Et puis « Terre ! » : Yenpapir Beach, de sa langue de sable coralien, lêche les pieds des cocotiers bordant l’ile de Mansuar. On l’aborde au terme d’un long traveling le long de sa côte nord, après le paisible village de Kurkapa. Ici, chaque village a son ponton de pêche, voire quasiment chaque maison. « Selamat pagi » : le bonjour du matin se répand sur votre passage comme une trainée de poudre, de bouche en bouche, de sourire en sourire. Les populations des Raja Ampat mélangent les peuples aborigènes Papous et des familles venues d’autres horizons. Avant le lever du jour, le bateau met le cap sur l’île de Gam. A Saranggaï, les Papous du village coulent des jours paisibles. La glaise du sentier s’enfonce sous le couvert végétal dans un concert de chants d’oiseaux dont la présence bruisse sur votre passage. En silence, on emboite le pas du guide. L’oiseau de Paradis aux plumes voluptueuses aime se poster sur les plus grands arbres de la forêt et dominer l’univers avec panache. Si l’on se poste au pied de l’arbre en silence, il répond au cri de l’imitateur et descend à terre pour séduire tout ce qui bouge, avec ses plumes multicolores. L’oiseau déifié par la culture papou et vénéré par les belles européennes pour fournir les plus belles aigrettes sur les bibis années 30, permet aujourd’hui de faire vivre la communauté en attirant les voyageurs. Le temps est suspendu au bord des lêvres de l’appelant dont le cri, parfaite imitation, apprise et reproduite au fil des millénaires et des générations, permet à son tour de séduire l’oiseau qui se livre au regard, en toute innocence. Pendant ce temps, au village, les enfants jouent à la marelle au bord de l’eau, les hommes partent à la pêche dans leur pirogue à balancier, les moteurs s’ébrouent, le fonctionnaire hisse le drapeau national indonésien à deux pas de l’église (les Papous étant majoritairement Chrétiens et animistes).

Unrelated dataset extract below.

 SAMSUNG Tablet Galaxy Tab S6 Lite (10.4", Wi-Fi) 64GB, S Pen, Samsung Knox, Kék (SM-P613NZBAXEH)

A un jet de sarbacane, au large, se trouve un spot qui fait rêver plus d’un plongeur : un petit récif corallien où les raies manta effleurent la surface de leurs ailes gracieuses. C’est aussi le matin que l’on peut avec un masque et un tuba, se mêler à leur ballet majestueux.

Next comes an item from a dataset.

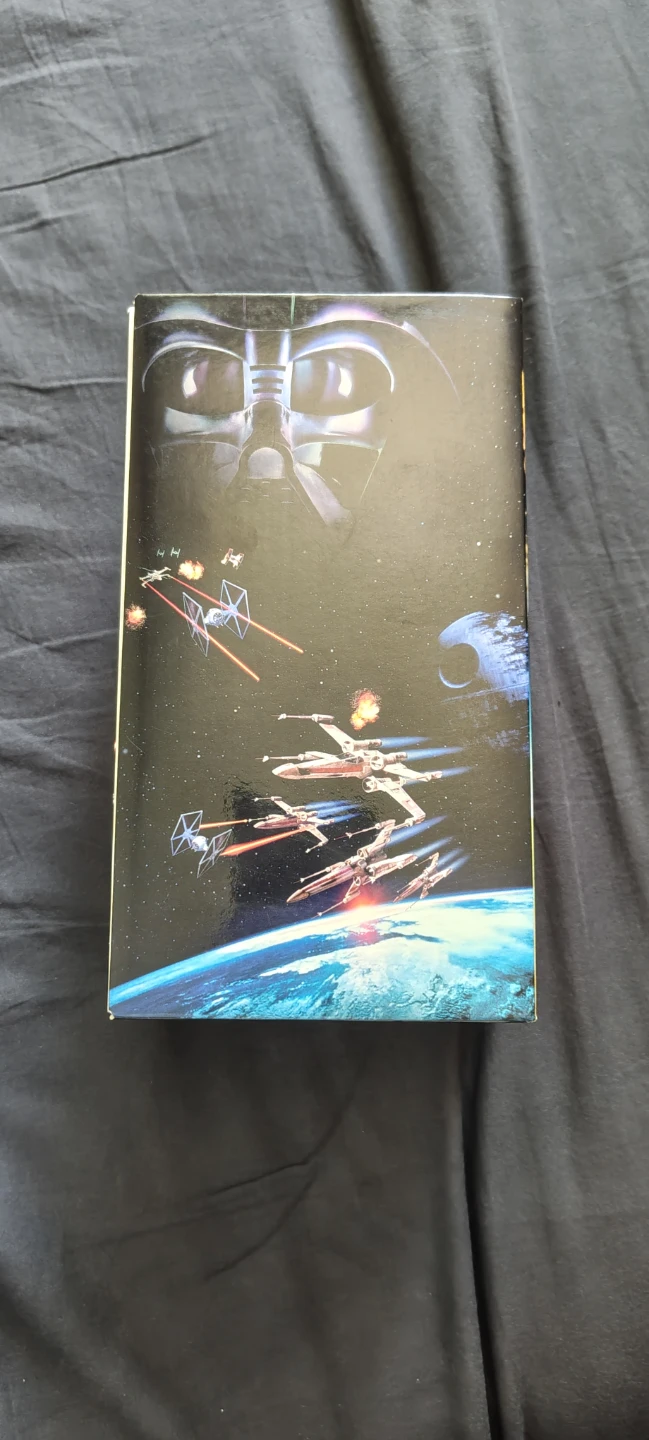 Star Wars VHS - photo 3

Le clou du spectacle provient de la géologie du côté de l’île de Painemu: Bentangalam Kars, un archipel karstique de toute beauté dont les couleurs font pâlir les logiciels de retouche chromatique : la nature a fait mieux que l’informatique dans la saturation des turquoises et des verts qui semble irréelle, presque virtuelle. Au pied des pains de sucre volcaniques couverts de végétation aride, un ponton d’accostage se prête aux plongeons dans l’eau verte et chaude. -
De sourire en sourire
L’île de Mansuar est une base idéalement placée au cœur de l’archipel, juste en face de l’île principale de Waigeo. Les hôtels sont des lodges de plongée au confort simple, mais la présence du bois, toujours précieux, confère aux chambres un charme colonial unique. Le Raja Ampat Dive Lodge a jeté l’ancre sur cette plage bordée de palétuviers attirant dans leurs racines une multitude d’espèces de poissons dont la présence permet de s’émerveiller dès le réveil, en enfilant un masque.

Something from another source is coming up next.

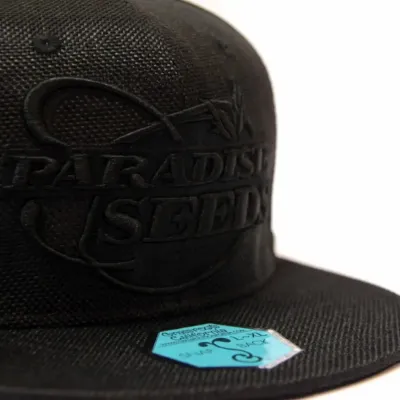 Blackout Hanf Snapback | Limited Edition Snapback PARADISE SEEDS
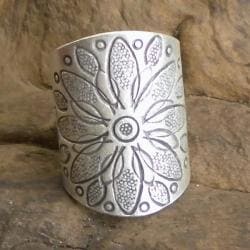 Sterling silver sale - Karen Sterling Silver 2 Layer Ring from Thailand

A une heure quinze de vol des Raja Ampat, l’ile d’Ambon est le cœur historique de l’« archipel aux épices » , les Moluques –Maluku en Indonésien- d’où provient encore 80% de la production indonésienne : il s’agit d’un millier d’îles éparpillées sur une mer tropicale limpide, dans l’air parfumé des girofliers. Des siècles avant que les épices d’Orient titillent agréablement le palais des cours d’Europe, des marchands de Chine, de Malaisie et du Moyen-Orient avaient découvert la valeur du girofle et de la muscade et savaient qu’on n’en trouvait alors qu’aux Moluques. Après 400 ans, le plus vieux giroflier du monde se dresse sur l’île volcanique de Ternate, et donne toujours une demi-tonne de clous de girofle par an. Les Moluques sont séparées par des eaux profondes des deux continents asiatique et australien et n’ont jamais été reliées aux continents par terre. Elles forment une sorte d’Atlantide à la nature incroyablement généreuse qui s’est développée en totale autarcie, dans cette zone spéciale baptisée Wallacea. Un territoire à explorer, encore et encore.